Dimension Data Creates Data Center Maturity Tool

Tool helps show the big picture and impact of virtualization and converged infrastructure projects on data center infrastructure

Johannesburg-based global ICT solutions provider Dimension Data has launched a new data center maturity tool that helps assess capabilities and prioritize initiatives for building next data centers.

The Data Center Development Model was created due to demand by clients seeking guidance, as well as helps Dimension play a bigger role in their next-generation data center initiatives. Providers are generally taking on a more consultative role in customers' data center evolution.

Data center transformations and optimization are dependent on measuring. There is a variety of vendors that assess the health of a data center and provide predictions, as well as tools to assess and optimize the data center. Romonet has a data center modeling tool, Future Facilities has its ACE metric (Availability, Capacity, Efficiency). Schneider Electric provides data center reference designs that can act as guidelines for planning and optimizing a data center, and there are a variety of metrics like the Data Center Maturity Model from organizations like Green Grid.

Dimension Data is a wholly owned subsidiary of Japan's Nippon Telegraph and Telephone Corp. The company has been sharpening the focus on its data center services business. In February it announced it would fill 300 new data center jobs around the world over the following 18 months.

The model evaluates 11 domains in the data center in terms of current setup and future needs. In a workshop-style engagement, a roadmap is developed with recommendations.

The data center is transforming in a way that it is more responsive to business needs, according to Steve Joubert, group executive for data centers at Dimension Data.

This transformation includes extending the data center beyond traditional boundaries to include cloud, networking, and security. The tool helps to look at these areas in context of the bigger picture rather than an isolated approach, in terms of how a change in one area impacts costs in another.

Data center functions remain siloed, presenting a hurdle in modernizing. Dimension is recommending review and strategy before undertaking virtualization and converged infrastructure projects for the underlying network.

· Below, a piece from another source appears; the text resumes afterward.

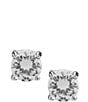 Color:Silver - Image 1 - Cubic Zirconia Earrings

"It's with this in mind that we developed the Data Center Development Model,” said Joubert in a press release. “It's all about helping our clients make the shift to new operating models across the entire next-generation data center, while focusing on business outcomes with technology being the enabler and differentiator, instead of a hindrance."

Recommendations include:

  • Identifying infrastructure gaps in an organization
  • Determining the most efficient operating model for the data center, inclusive of management and operations
  • Understanding the best ways to exploit public cloud, hosting and colocation where it creates value for the business
  • Ensuring the network is geared to support the journey of transformation and embedding security at every step of the journey.